Corriere dello Sport (R.Maida) – Frenesia Roma. Dopo aver vissuto l’atmosfera di uno stadio inglese, peraltro non così confortevole nel caso di Stamford Bridge, la società auspica a breve una svolta importante per il dossier Tor di Valle, aspettando la riunione della conferenza dei servizi della Regione Lazio prevista nella prima decade di novembre. Da Capri, in un insolito venerdì di freddo per l’isola dei faraglioni, Mauro Baldissoni è stato sollecitato sull’argomento stadio a margine del convegno dei giovani di confindustria. «Se avremo l’ok per l’inizio dei lavori entro le prossime due, tre o quattro settimane – spiega il dg della Roma – potremo aprire lo stadio entro la fine della stagione 2020/21. Un ritardo di poche settimane può determinare la perdita della stagione successiva».

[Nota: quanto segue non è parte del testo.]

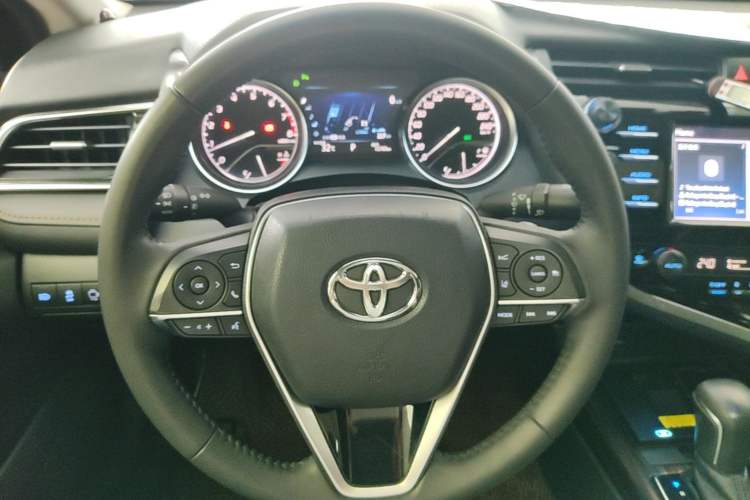Used Toyota Camry 2018 2.0G Luxury Edition Steering Wheel
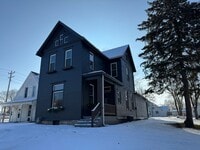Building Photo - 3 bedroom 2 full bath home for rent Call T...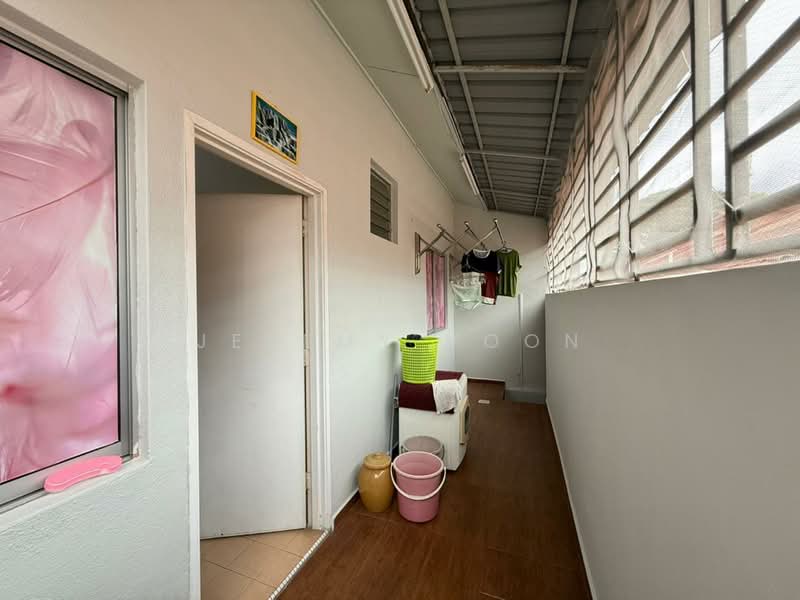 1-storey Terraced House for Sale in Johor Bahru (Johor) - Jeremy Voon - Corridor - PropertyGuru.com.my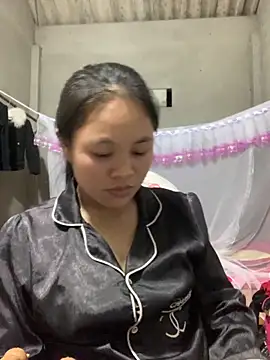 Snapshot of NhuFox chatting on 10.04.25 NhuFox online show from 10.04.25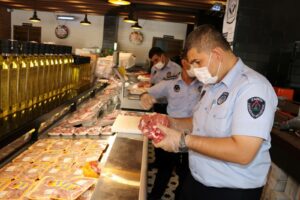 Karaköprü’de zabıta ekipleri halk sağlığı için sahada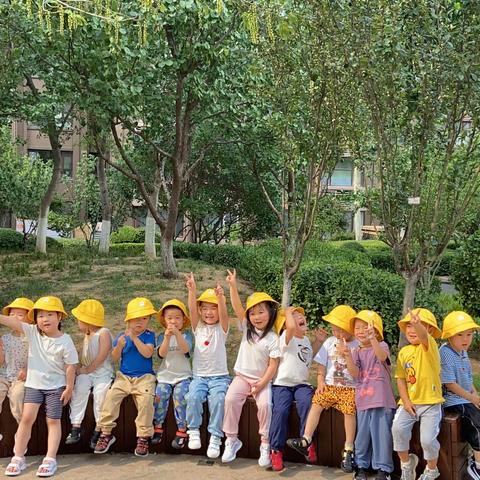 徒步自然，毅起成长——童乐园幼儿园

FRETTA – Baldissoni insomma chiede di fare presto, convinto che la parte proponente (la Roma e il costruttore Parnasi) abbia fatto tutto quello che era necessario per allineare il progetto alle richieste della conferenza dei servizi, dopo la consegna delle ultime integrazioni avvenuta lunedì scorso: «Gli enti locali stanno lavorando, aspettiamo una risposta, non dipende da noi. Noi crediamo e speriamo che lo stadio si faccia: le nuove infrastrutture sportive sono un’esigenza per il Paese, non solo per la Roma. Ancora non riusciamo a realizzare in modo veloce quello che vogliamo». Se la Regione fornisse un parere favorevole entro poche settimane «apriremmo i cantieri entro il primo trimestre del 2018». Perché prima comunque bisognerebbe coprire il finanziamento per l’opera con i tempi tecnici di stipula dei contratti con le banche e andrebbe ripulito il sito di Tor di Valle, che da anni versa in uno stato di degrado.
CALMA – Dalla Regione però sui tempi frenano. La conferenza dei servizi scadrà il 28 dicembre. E il pool di tecnici impegnati nell’esame del progetto non prevede di pronunciarsi con la velocità che chiede la Roma, visto che le integrazioni sono state consegnate nell’ultimo giorno utile, appunto il 16 ottobre. Anzi, la conferenza dei servizi avrebbe facoltà di chiedere un mese di sospensione per una valutazione più approfondita del dossier e quindi andare oltre dicembre (eventualità al momento non prevedibile). Anche se tutte le parti politiche coinvolte sono concordi nell’idea di arrivare a una soluzione positiva, che consenta alla Roma di costruire lo stadio di proprietà, va chiarito il problema del Ponte di Traiano, che era previsto nel primo progetto e poi era stato eliminato per accontentare la Giunta Raggi che pretendeva una consistente riduzione delle cubature (con conseguente smantellamento di alcune opere pubbiche) per firmare l’accordo di fine febbraio. Adesso, secondo gli accertamenti dei tecnici che poi dovrebbero mettere la firma sulle relazioni e sui vari permessi, è tornata d’attualità la necessità di costruire il suddetto ponte per snellire la viabilità nei giorni delle partite.
CONSEGUENZE – La speranza della Roma è che questo ostacolo venga definitivamente (e rapidamente) eliminato dalla discussione. In caso contrario, andrebbe trovato un nuovo accordo che stabilisca chi debba finanziare la costruzione del ponte. La Roma lo avrebbe realizzato con risorse proprie solo con le cubature del primo progetto. Ora invece chi lo paga?